Kruche owsiane babeczki z kremem z nerkowców
Krem z nerkowców chodził mi już po głowie wiele razy, ale dopiero ostatnio pół samotnej paczki orzechów w kuchni, natchnęło mnie do takiej świetnej kompozycji. Będę zachwalać, bo to dobry pomysł na odmianę, bo idzie lato, bo jest sezon na truskawki i nie samym masłem orzechowym człowiek żyje, są też inne sposoby na użycie orzechów do deseru.
Foremki są z kruchego ciasta z mąki owsianej, dodałam jeszcze ryżowej, przez co ciasto jest jeszcze bardziej chrupkie i świetnie trzyma krem. Orzechy nerkowca po namoczeniu i zmiksowaniu stają się mięciutkie i potrafią zamienić się w dobrą, aksamitną masę do wielu zastosowań i wariacji smakowych. Może być tak, że masa jest lekko chropowata, ale to kwestia struktury orzechów, nie będą to jakieś twarde części.

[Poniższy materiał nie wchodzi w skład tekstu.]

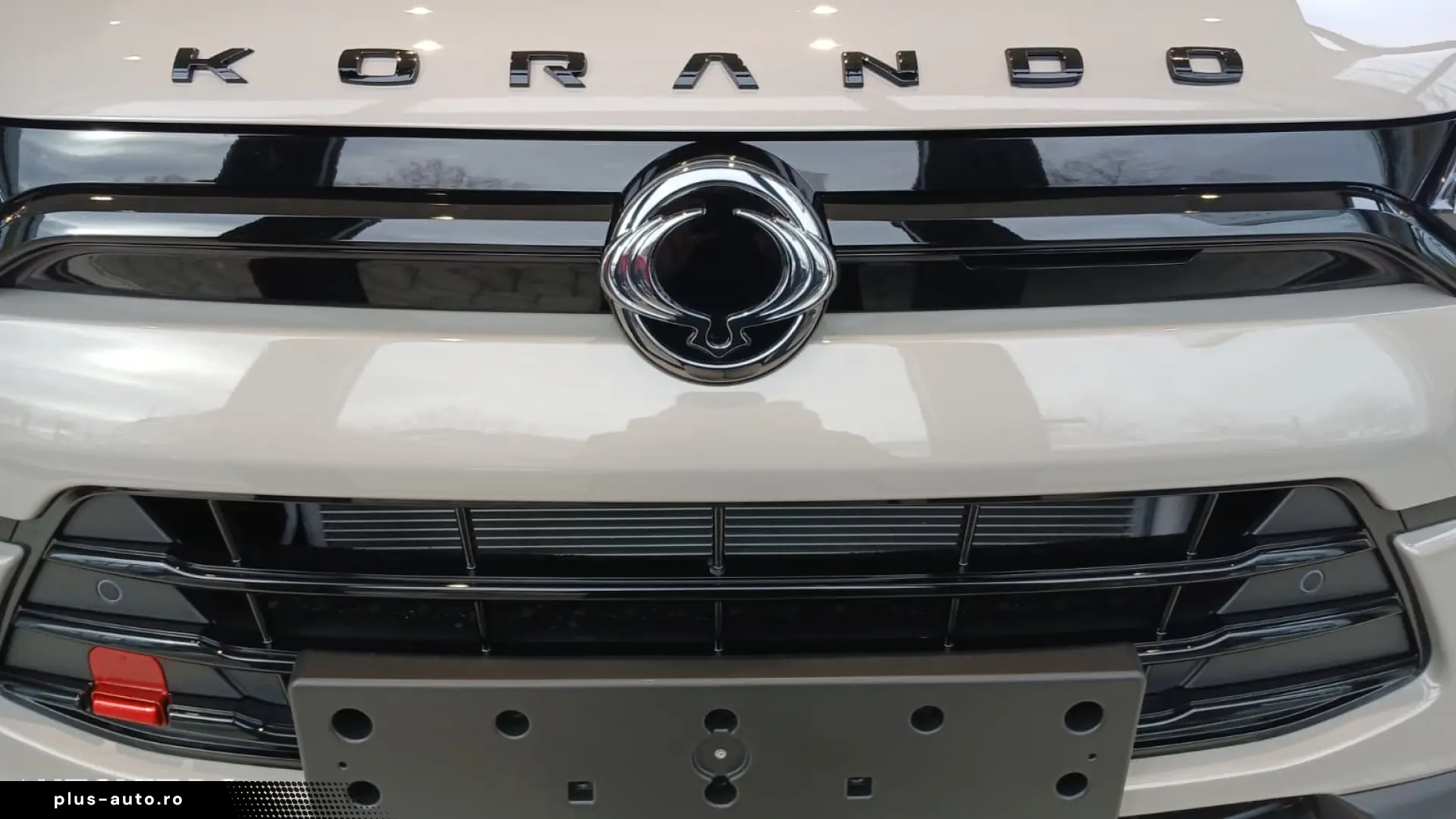 SsangYong Korando 1.5 GDI Turbo AT Business Edition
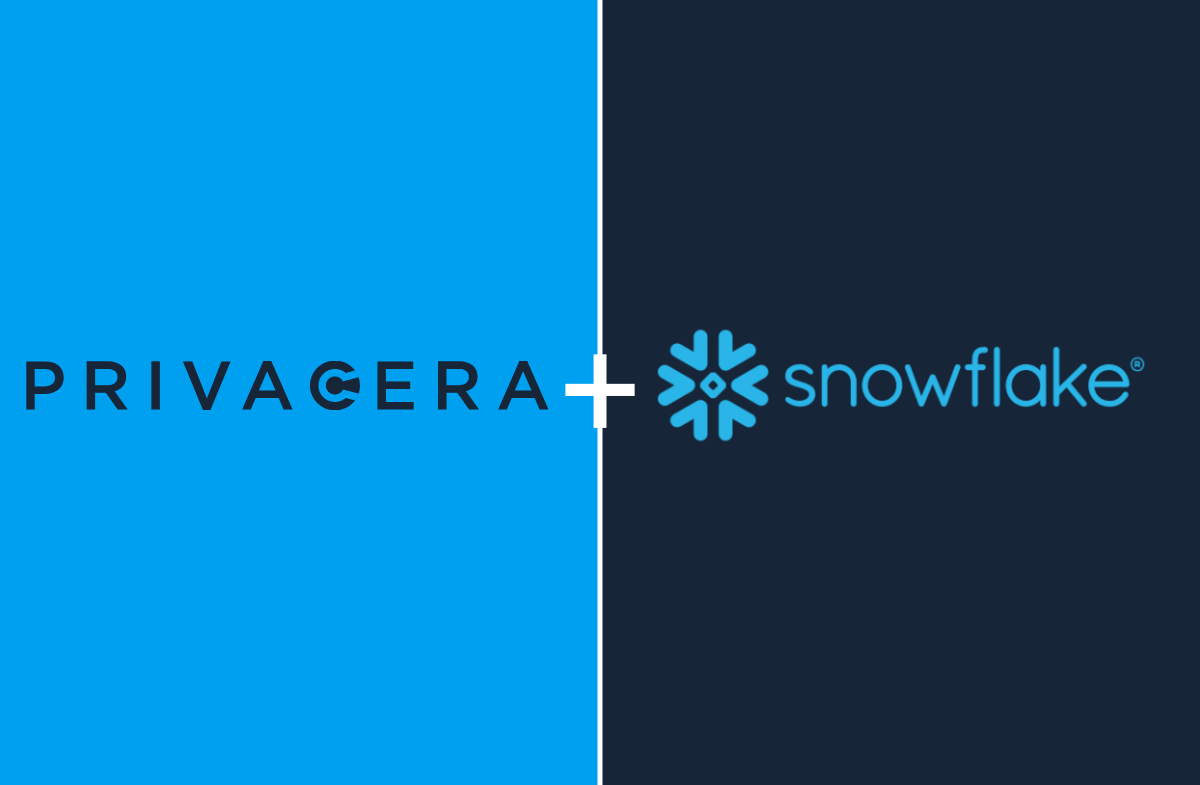 Privacera Extends New Snowflake Capabilities to Reduce Data Access Governance Complexity & Provide Faster Time to Compliance
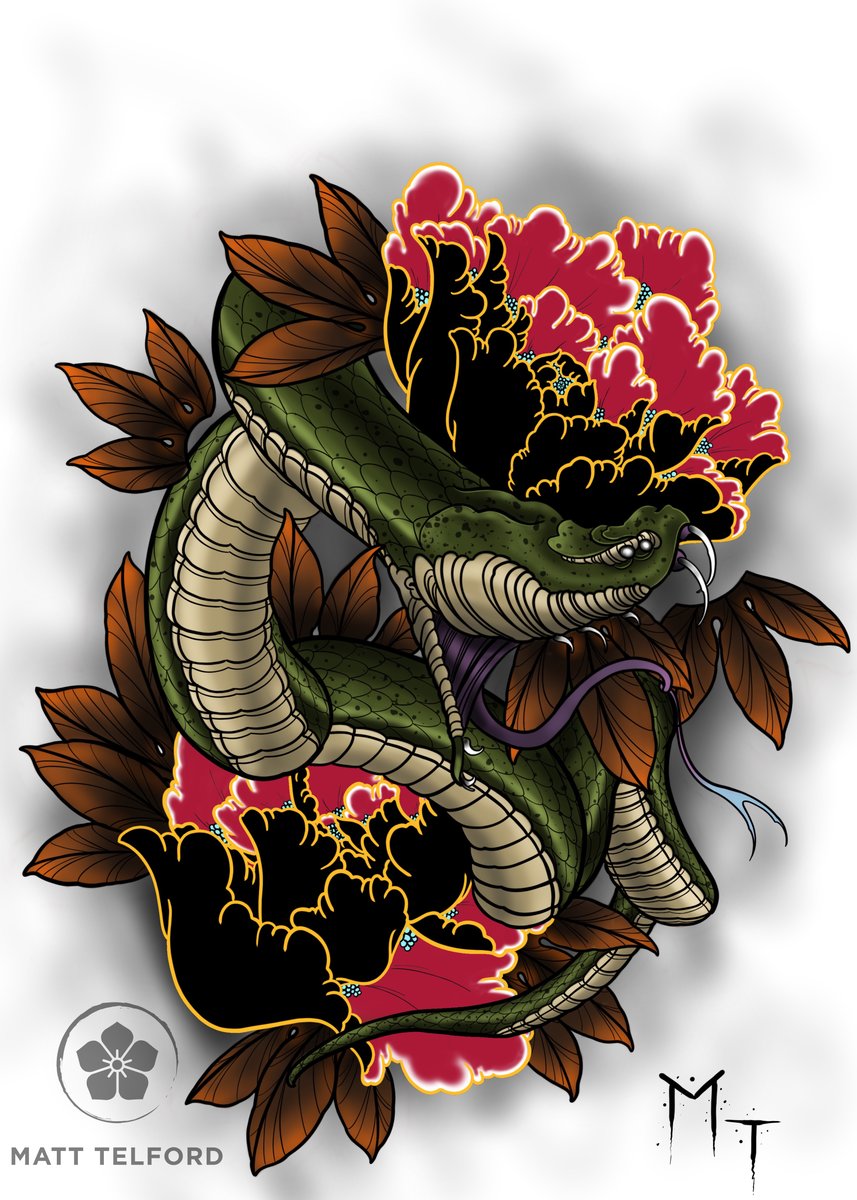 Змея и цветок 2. Иредзуми змея. Змея неотрадишинал. Япония неотрад дракон. Тату змея неотрадишинал.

Ogólnie coś innego, coś z polotem świeżości w typowym rozkładzie przekąsek, dajcie znać, czy lubicie takie smaki, bo ja przepadłam :)
Składniki (7-8 sztuk):
Ciasto:
70g mąki owsianej
40g mąki ryżowej (można użyć owsianej lub innej, z ryżową są bardziej kruche)
30g oleju kokosowego
1 jajko
2 płaskie łyżki cukru brązowego (można użyć ksylitolu)

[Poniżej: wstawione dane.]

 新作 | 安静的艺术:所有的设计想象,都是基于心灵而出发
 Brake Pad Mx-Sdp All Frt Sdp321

szczypta proszku do pieczenia
Krem:
70g orzechów nerkowca, nieprażonych
1/3 szklanki mleczka kokosowego
3 łyżki wody
2 łyżeczki miodu lub inne słodzidło
1 łyżeczka oleju kokosowego
opcjonalnie: 1 łyżeczka pasty kokosowej
Dekoracja:
truskawki
rozpuszczona gorzka czekolada z mlekiem roślinnym, na gęstą polewę
wiórki kokosowe
Nerkowce włożyć do miseczki, zalać wodą i odstawić na ok. 8 godzin, można na noc, aż dobrze zmiękną. Odlać wodę, zmiksować blenderem na pastę, następnie dodać mleczko, miód i olej,ponownie zmiksować. Jeśli masa wydaje się za gęsta, dodać wodę, jeśli wolicie gęstszą to zostawić. Masa może być lekko chropowata, w konsystencji dość lekka, jak jogurt grecki. Włożyć masę do pojemnika i do lodówki. Zmiksowałam 1/3 kremu z 2 średnimi truskawkami, możecie zrobić taką truskawkową opcję według uznania.

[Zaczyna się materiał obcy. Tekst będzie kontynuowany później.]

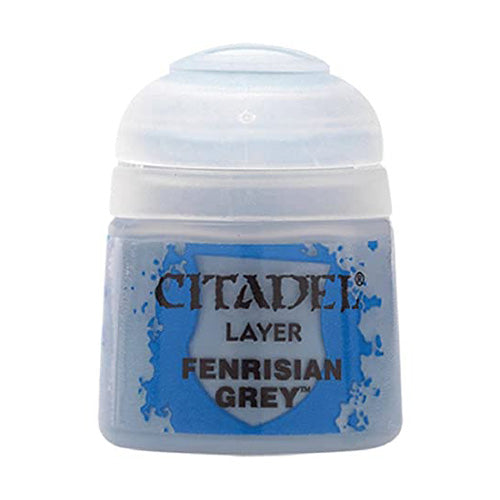 Citadel Fenrisian Grey Layer Paint (12ml)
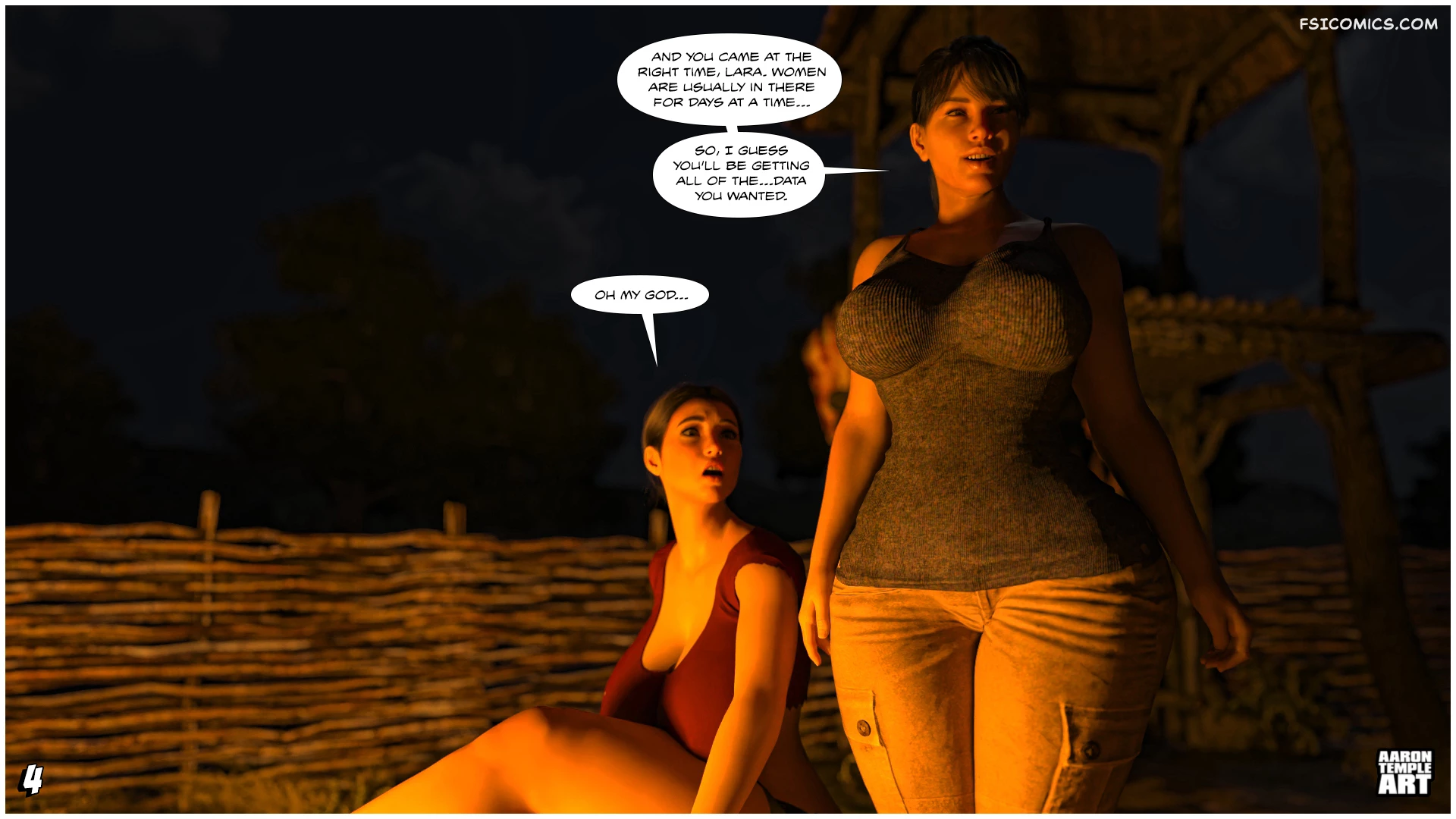 womb raider chapter 1 aarontempleart 005 - FSIComics womb-raider-chapter-1-aarontempleart-005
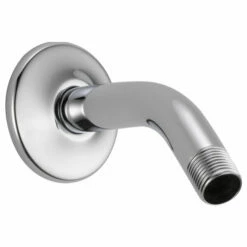 Delta U4993-PK Universal Showering Components Shower Arm & Flange In Chrome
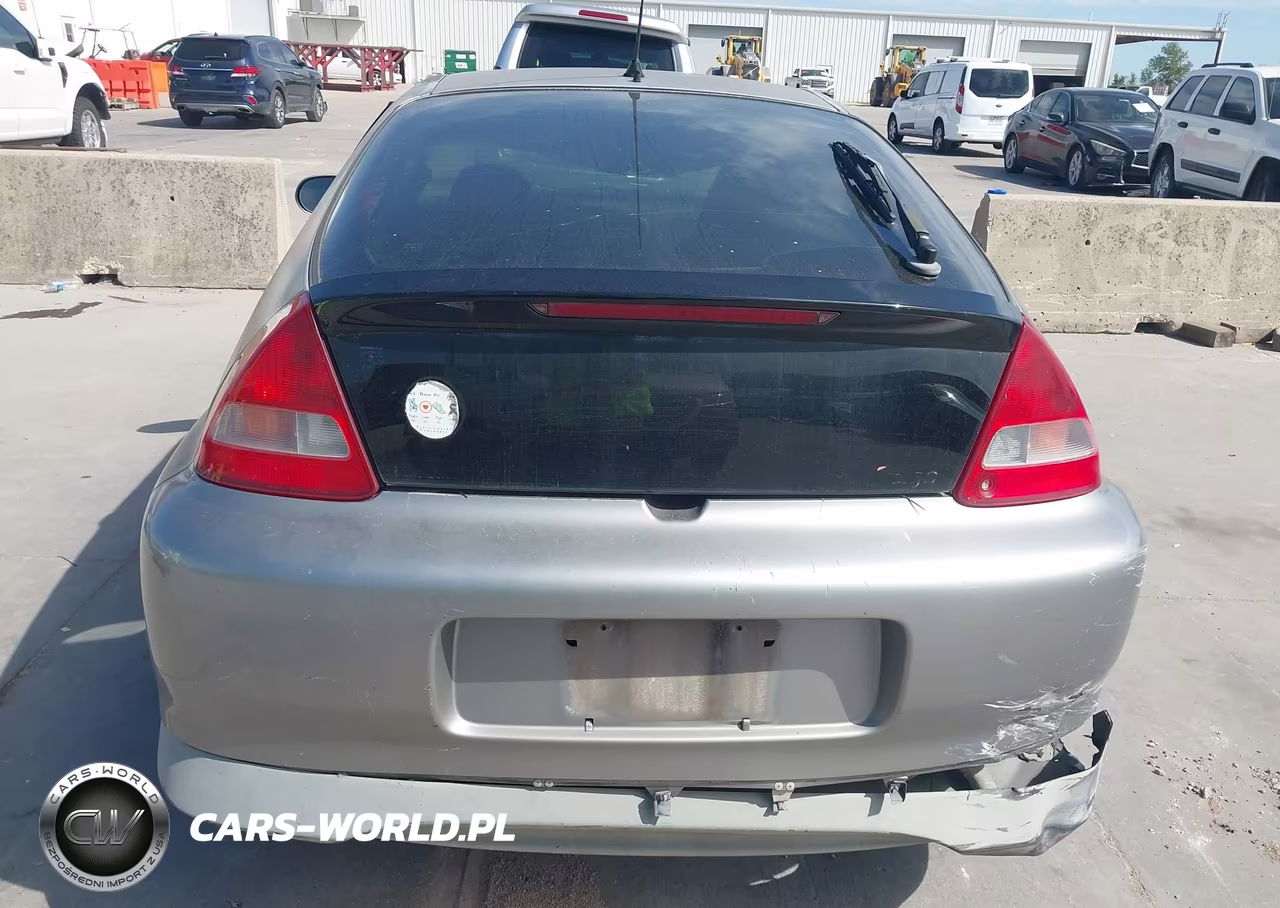2000 Honda Insight VIN:JHMZE1372YT002817 - 17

Zagnieść składniki na ciasto, powinno dobrze odchodzić od rąk i być plastyczne. Podzielić na pół, rozwałkować na powierzchni posypanej mąką na dość cienkie ciasto ok. 0,5cm. Wykroić kubkiem kółka, wylepić nimi foremki. Miałam silikonową foremkę na muffiny, można użyć innych, nie trzeba smarować, ciasto dobrze odchodzi.
Wstawić do piekarnika nagrzanego na 190 st. C, piec 15-20 minut, aż babeczki się zarumienią i lekko stwardnieją. Odstawić do ostygnięcia.
Upieczone foremki wypełniać kremem, udekorować owocami i dodatkami. Schłodzić i przechowywać w lodówce.